Mellor v. Hinkley

201 A.D. 619 | N.Y. App. Div. | 1922

Jaycox, J.:

The petition herein states that the petitioner is the mother of Helen G. Mellor and that said Helen G. Mellor is confined in the New York State Training School for Girls, at Hudson, N. Y., and upon information and belief was paroled from said training school to the care and custody of one Fred G. Durbrow, and that she is not committed nor detained by virtue of any process or mandate issued by any court of the United States, or by any judge thereof; nor is she committed or detained by virtue of the final judgment *or decree of a competent tribunal of civil or criminal jurisdiction, or the final order of such a tribunal made in a special proceeding instituted for any cause; nor by virtue of an execution or other process, issued upon such a judgment, decree or final order. The *620cause or pretence of the imprisonment or restraint, according to the best of the knowledge and belief of your petitioner, is that the said Helen G. Mellor was committed to the New York State Training School for Girls, Hudson, New York, on October 15th, 1915, and was thereafter restrained of her liberty and thereafter, petitioner is informed and believes that the said Helen G. Mellor, was paroled from the New York State Training School for Girls, Hudson, New York, to Mr. Fred G. Durbrow, at #16 Spy Hill, Beacon, New York, wherefore your petitioner prays,” etc.

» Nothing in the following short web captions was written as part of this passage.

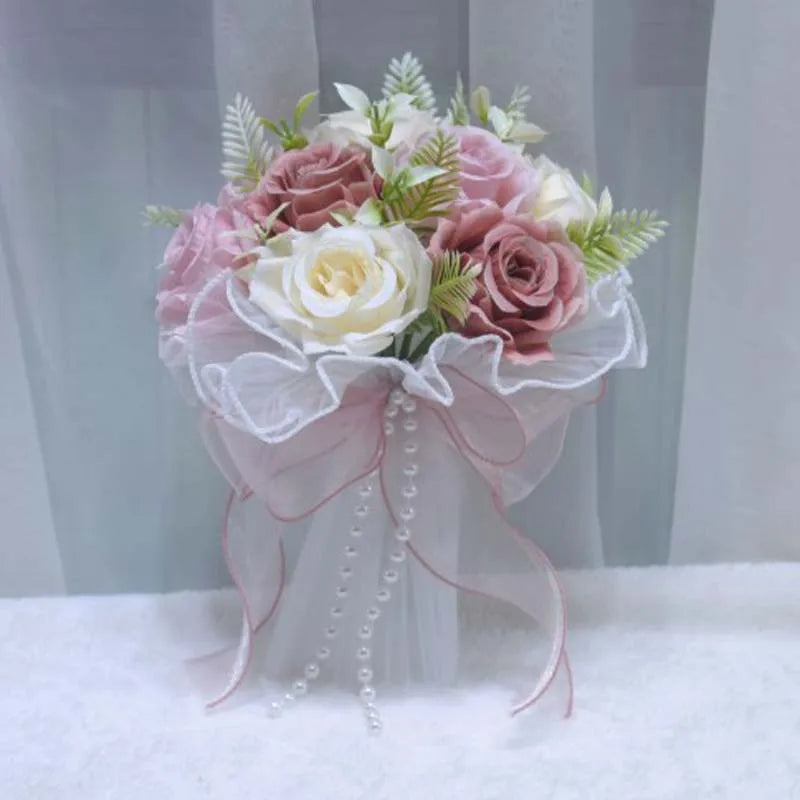 Bridal Throw Bouquet/Flower Girl Bouquet/Bridesmaid Bouquet Set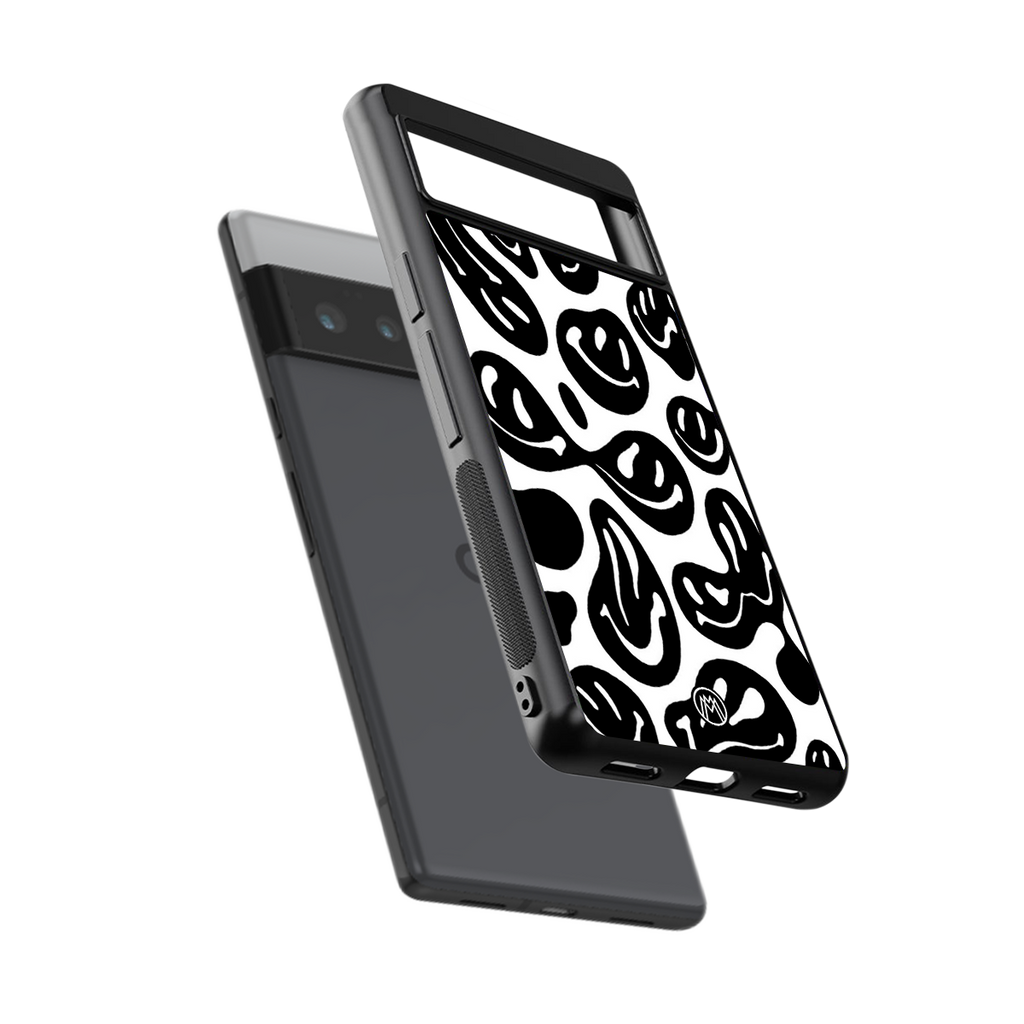 acid smiles bw back phone cover | glass case for google pixel 6 pro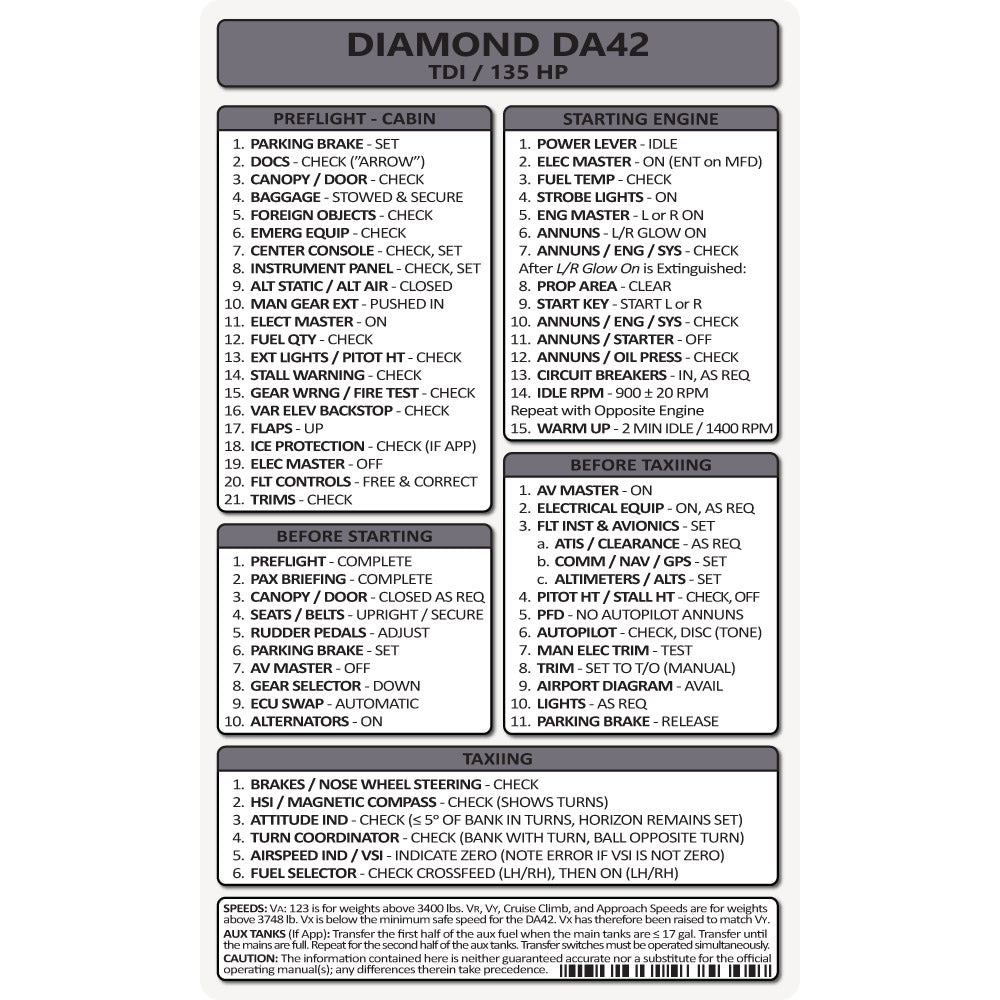 Pocket Checklist, Diamond Da42 Tdi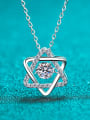 thumb Sterling Silver Moissanite Hollow Star Dainty  Pendant Necklace 0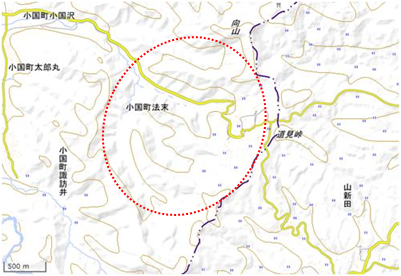 小国町法末集落 位置図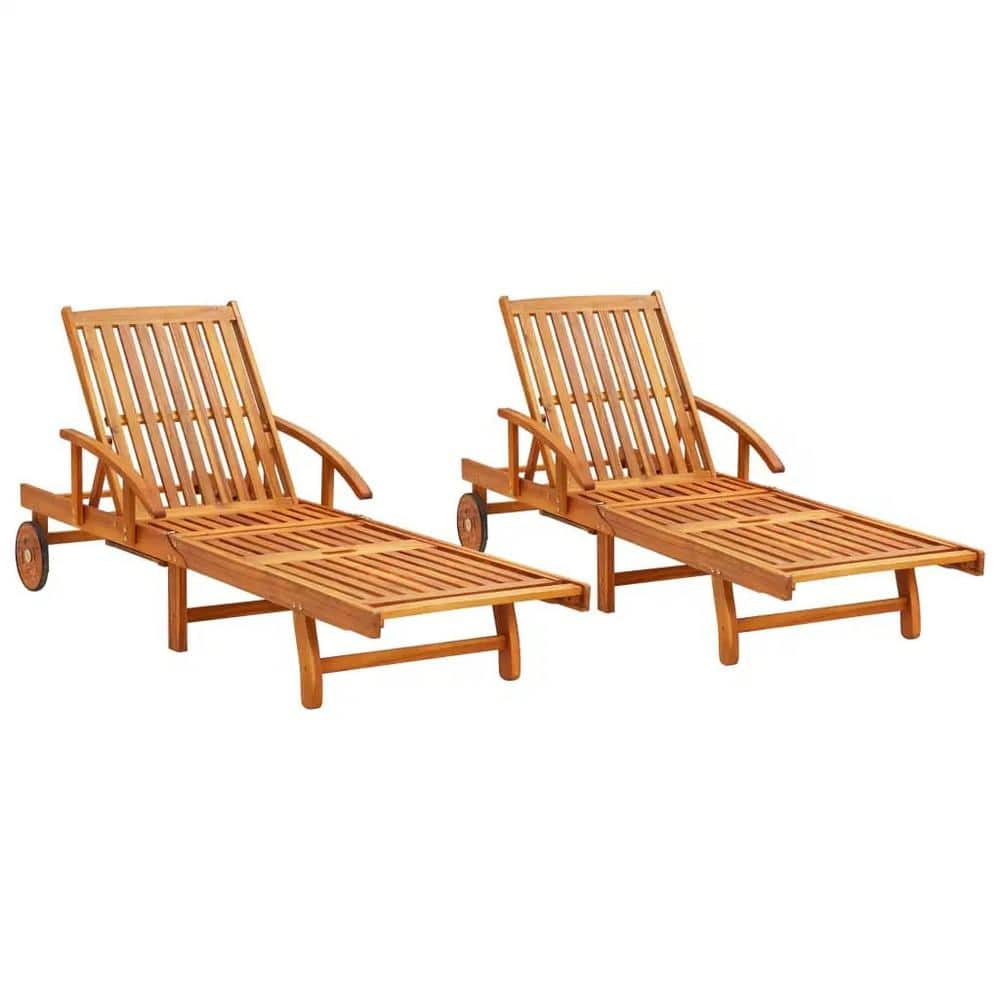 2 Pcs Solid Acacia Wood Sun Lounge Set with Wheels price history on PriceWatchPro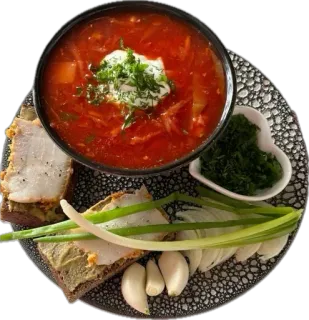 🤩 e0fd9457 nourriture, Bortsch, soupe, cuisine ukrainienne, plat traditionnel, cuisine telegram sticker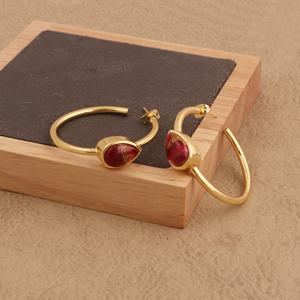 Rubí Mohave piedra preciosa hecha a mano chapado en oro forma de pera pendientes de aro elegante declaración joyería moda Stud pendientes al por mayor - Product Image 2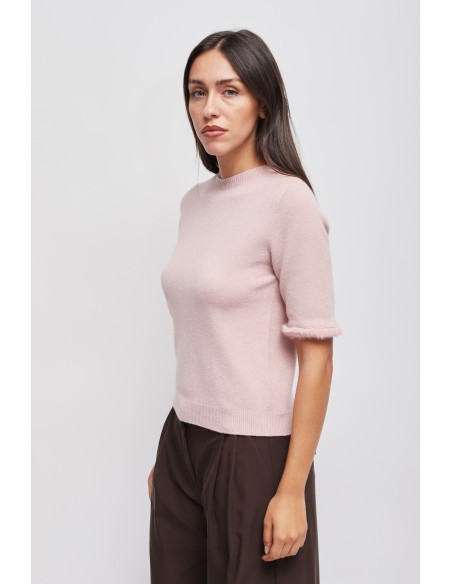 Camisola de mangas curtas com detalhe em pêlo sintético Maryley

The appellants made no return to the writ, and in effect demurred thereto, upon the ground, among others, that the petition did not state facts sufficient to justify the issuance of a writ of habeas corpus. Section 1234 of the Civil Practice Act enumerates the allegations which are essential in a petition of this character, and provides that “ If the imprisonment is alleged to be illegal, the petition must state in what the alleged illegality consists.” The petition in this case makes no direct allegation of illegality, but illegality must necessarily be inferred, otherwise no reason is stated for the prisoner’s discharge. It is, therefore, incumbent upon the petitioner to' set forth the particulars in which this imprisonment was illegal. So far as appears from reading the petition herein, the alleged prisoner has been sentenced after due trial, to an institution authorized to receive her and for a period of time not in excess of that prescribed by statute. The petition contains no allegation of any statute under which the commitment was made, and in the absence of a return the court can only look to statutes under which commitment to the New York State Training School for Girls can be made. Apparently, commitments to that institution can be made under Section 486 of the Penal Law or the State Charities Law, section 199 etseq., as amended. The last-mentioned law makes provision for paroling prisoners in the care and custody of proper persons. Therefore, we have before the court a petition which recites that Helen G. Mellor was committed to the New York State Training School, and that she has been paroled. The law provides that young girls may be committed to that institution and may be paroled until they reach the age of twenty-one years, and as there is no allegation that the magistrate making such commitment did not have jurisdiction or that he exceeded his powers in sentencing her, or that her sentence or parole has expired, I can see no reason stated in the petition for her discharge, or any compliance with the statute above quoted, requiring the petitioner to state in what the alleged illegality of the imprisonment consists. I think it is clear that the petition is insufficient to base á writ of habeas corpus upon.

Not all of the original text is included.